Aber Infos die Sie eventuell auch bei Wikipedia nachlesen können sollen nicht das Thema meines heutigen Blogs sein. Auch wenn ich zugegebenermaßen nur zu gerne mit entsprechendem Wissen (in Schluchz…mittlerweile fast 60 Jahren angeeignet…) um mich werfe.

Aus Liebe zur Musik und aus riesengroßem Interesse an der Pop-Welt im Allgemeinen.

Nein, heute geht es um die Durchführung des Konzertes im Mediolanum Forum von Mailand der größten Indoor-Arena Italiens, einem Schauplatz vieler legendärer Musik-Events. Eine Organisation, die alle Klischees chaotischer italianitá vor meinen und den Augen meiner Gattin Wirklichkeit werden ließ.

Obwohl, das Ganze Organisation zu nennen würde den Begriff als solchen ad absurdum führen.

Was aber in unseren Augen überhaupt nicht schlimm war, sondern den Unterhaltungswert der gesamten Veranstaltung nur steigerte.

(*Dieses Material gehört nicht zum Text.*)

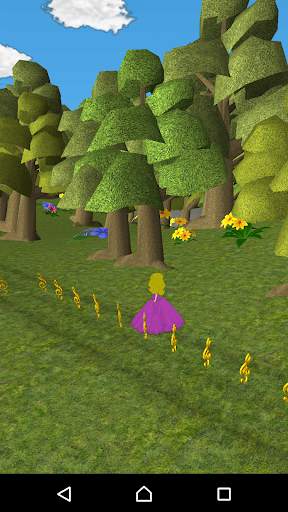 Princess. ? Music road screenshot 1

Schon bei unserem Eintreffen am Platz vor der Halle staunten wir nicht schlecht, als wir einen einzelnen Mediolanum-Haushof-Meisters beobachteten, der in einem Anflug germanischer Ordnungs-Liebe versuchte die entfesselte Menge in Reih und Glied Richtung Eingang zu steuern.

Ein Heiden-Spaß!

Die verzweifelten Bemühungen des lokalen faktotums 12000 Menschen, darunter viele Damen fortgeschrittenen Alters in rockiger Abendrobe und zahlreiche Gigolos in Spätlese- welche sich alle für ihren Musiker-Helden richtig fein gemacht hatten- zu sage und schreibe drei geöffnete Eingangs-Tore zu lenken waren nicht von Erfolg gekrönt. Lautstark wurden die modischen Aufmachungen anderer Konzert-Besucher gelobt, es wurde gelacht und geschäkert, aber niemand zeigte Interesse an einem geregelten Eintritt in die Halle. Lieber wurde über die mangelnde Organisation geschimpft die absurderweise aber Teil der eigenen Verhaltensweise war.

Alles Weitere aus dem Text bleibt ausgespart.